The claim, along with many of GIA’s allegations, is steadfastly denied by Bunnings.

Cave said Bunnings used its power to push unfair arrangements on plant growers, as did other “big-box plant retailers” such as Mitre 10 and Ikea.

At the supermarkets inquiry earlier this week, she urged the government to extend the Food and Grocery Code of Conduct to major plant retailers to prevent abuse of market power.

“Within that code, plants are defined as a grocery,” she told The New Daily.

“While supermarkets do sell plants, by far the bigger retailer of plants is Bunnings … [which is] certainly equivalent to supermarkets in scale and presence in the Australian market.”

Fear of payback

Cave refused to identify specific growers, saying they had spoken to GIA on condition of anonymity due to fear of retribution from Bunnings, which many rely on to sell their products.

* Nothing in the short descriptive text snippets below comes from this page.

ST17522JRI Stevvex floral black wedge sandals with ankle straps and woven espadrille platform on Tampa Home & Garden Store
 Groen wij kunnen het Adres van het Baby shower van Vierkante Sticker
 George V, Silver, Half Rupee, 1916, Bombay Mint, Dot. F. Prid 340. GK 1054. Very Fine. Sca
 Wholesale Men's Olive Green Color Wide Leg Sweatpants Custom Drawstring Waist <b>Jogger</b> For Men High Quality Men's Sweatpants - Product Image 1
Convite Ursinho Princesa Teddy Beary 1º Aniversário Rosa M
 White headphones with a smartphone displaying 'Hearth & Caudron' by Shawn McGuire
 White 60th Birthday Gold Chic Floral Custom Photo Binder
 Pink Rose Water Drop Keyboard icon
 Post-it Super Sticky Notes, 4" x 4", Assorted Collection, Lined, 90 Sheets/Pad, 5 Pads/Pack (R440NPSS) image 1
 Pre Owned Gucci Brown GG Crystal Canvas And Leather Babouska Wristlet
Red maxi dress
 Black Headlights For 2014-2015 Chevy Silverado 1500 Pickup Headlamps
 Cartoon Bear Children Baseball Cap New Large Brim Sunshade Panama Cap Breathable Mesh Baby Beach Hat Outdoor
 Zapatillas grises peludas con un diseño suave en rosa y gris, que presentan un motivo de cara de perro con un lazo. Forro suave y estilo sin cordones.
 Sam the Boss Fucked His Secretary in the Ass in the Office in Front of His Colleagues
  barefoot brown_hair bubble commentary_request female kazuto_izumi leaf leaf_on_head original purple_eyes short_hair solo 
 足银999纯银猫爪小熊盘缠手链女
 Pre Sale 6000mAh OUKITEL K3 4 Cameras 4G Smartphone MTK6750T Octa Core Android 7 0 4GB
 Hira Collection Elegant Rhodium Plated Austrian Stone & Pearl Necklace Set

She said growers were also unlikely to use Bunnings’ anonymous supplier complaints procedure, because they feared being identified and punished.

But Cave was able to tell their stories, which shared a common thread of an industry beholden to a retail behemoth with little to no leverage for negotiation.

Australians love to have plants at home, but suppliers are under pressure. Photo: Getty

A common complaint was that Bunnings would not commit to buying specific volumes of plants from growers.

“I’ve seen supplier agreements in which Bunnings’ commitment is articulated as one single plant,” Cave said.

“In the case of that grower who relies on Bunnings to be in business, he grows thousands of plants for them, but all Bunnings is obliged to do is buy one single plant from him.”

Losing money on sales

Growers also claimed Bunnings exerts downward pressure on prices – and refuses to pay more even when faced with evidence of higher production costs such as rising labour or energy costs.

Cave said two growers had told her they were forced to close their respective businesses because Bunnings refused to pay them enough to stay afloat, let alone be profitable.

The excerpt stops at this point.